People living with HIV have higher rates of trauma than the general public. In the general U.S. population, post-traumatic stress disorder affects approximately 4.3% of women and 1.7% of men. In people living with HIV (PLWH), the number can be anywhere from 35% to 64%, according to a 2016 critical review. A 2006 study found that 91% of PLWH have experienced at least one traumatic event in their lifetime. To that end, any care for people living with the virus should also be trauma-informed care, according to Helena Addison, M.S.N., a registered nurse and Ph.D. student at the University of Pennsylvania, who presented "Trauma-Informed Care for Hospitalized People Living With HIV," at the 2019 Association of Nurses in AIDS Care conference (ANAC 2019) in Portland, Oregon.
Addison said that she first started thinking about trauma in patients living with HIV during nursing school, where she noticed that trauma was prevalent in the population. However, she says, she also noticed that, while many community and outpatient programs began to incorporate a trauma-informed approach into their care, that was not always the case for in-patient programs like hospital emergency rooms.
Trauma-informed care, according to Addison, is care that acknowledges the many ways trauma can impact a patient.
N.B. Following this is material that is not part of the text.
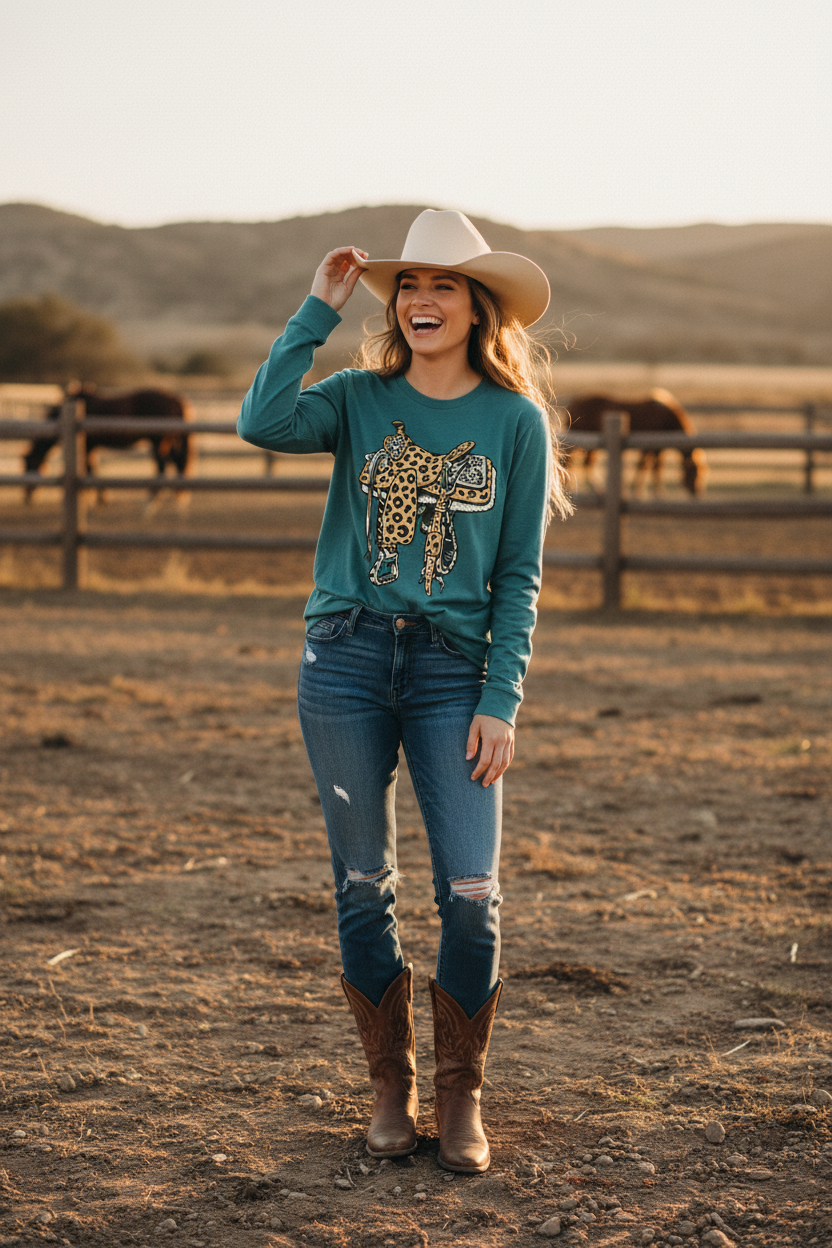 Western saddle long sleeve lifestyle - teal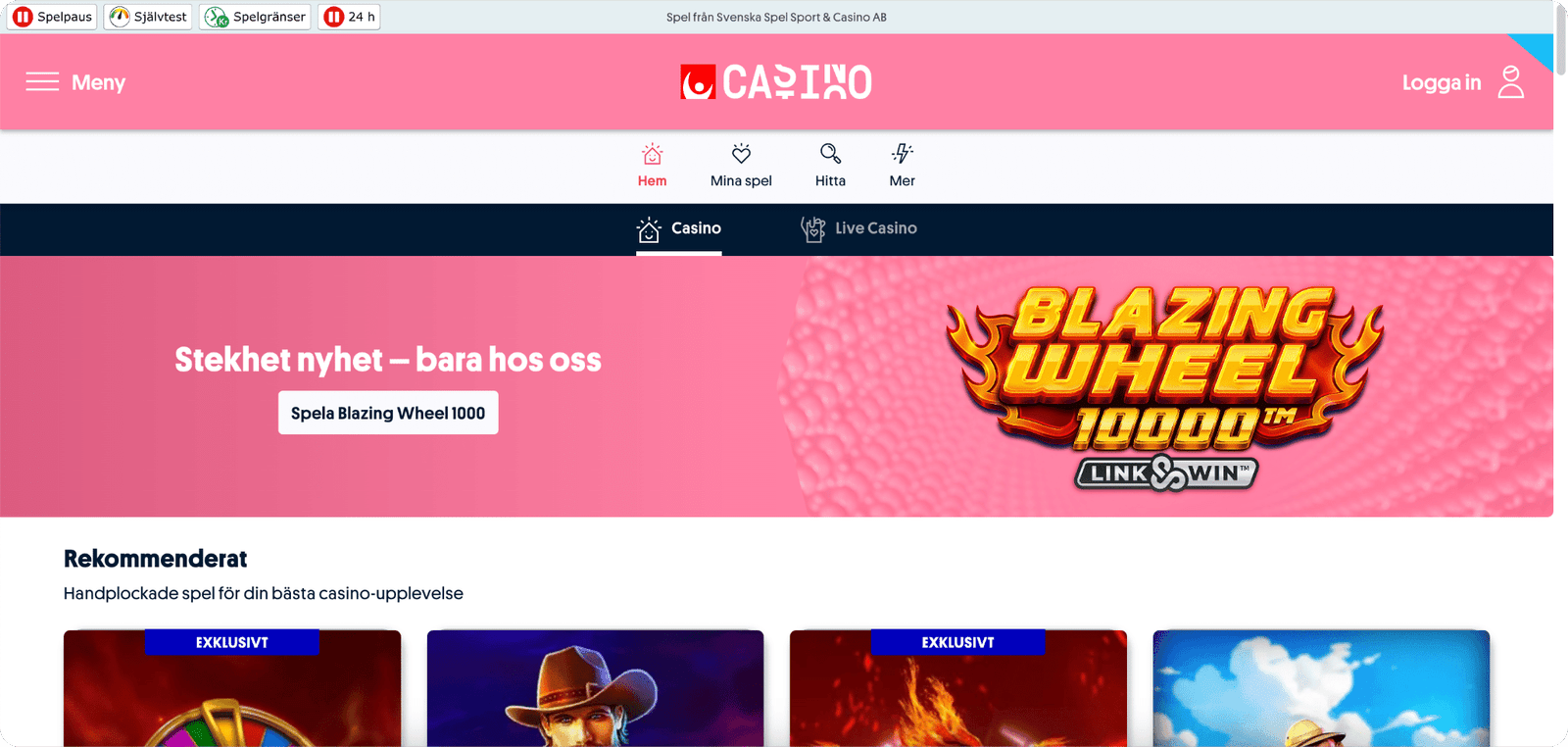 Svenska Spel Sport & Casino Startsida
Practicing trauma-informed care means ensuring that a patient's interaction with a health care practitioner doesn't accidentally retraumatize them.
"Medical care in general can be very traumatizing, due to the power structure," Addison said. "So for people with a history of trauma, it's being mindful of that and being mindful of people not necessarily being comfortable taking off their clothing, or any personal touching, or, for instance, having another man or another woman in the room."
As part of Addison's study, she spoke to nurses and other staff at a 23-bed general medicine unit in an urban, academic care setting where about half the beds are dedicated to PLWH. Addison presented information on trauma-informed care to participants, including the four "R"s of trauma, which include realizing the presence of trauma, recognizing signs and symptoms of trauma in patients, responding by integrating principles of trauma-informed care, and resisting re-traumatization.
When asked, all participants said that trauma-informed care was "very relevant" to their health care work.
Though not always readily apparent, Addison added, a medical visit can be full of potentially triggering power dynamics.
"Although we do talk about patient-centered care and say the patient is the boss, it does always seem like us as health care providers are in charge of the entire interaction," Addison said. To combat that, Addison said that practitioners can ask their patients questions and make sure they have a hand in every step of the visit. Practitioners can ask patients if they're more comfortable with their provider standing up or sitting down, if they're OK with being touched during an exam, and whether it's OK if another person of any gender walks into the room during their visit.
Though caregivers should be sensitive to trauma, that doesn't mean asking a patient for specifics about their past trauma, Addison added.
"We don't necessarily have to delve into the details of each traumatic experience," she said. "You can know someone has experienced trauma, but if they're not in immediate danger, you don't have to ask for more information, unless they offer that up."
Despite what most people believe about the emergency room being for last-minute, life or death events, it's often de facto primary care for the most marginalized in America. Because of that reality, and because many people living with HIV utilize hospitals and emergency rooms for care, nurses providing care to people living with HIV in hospital settings would do well to be mindful of patients' trauma while working.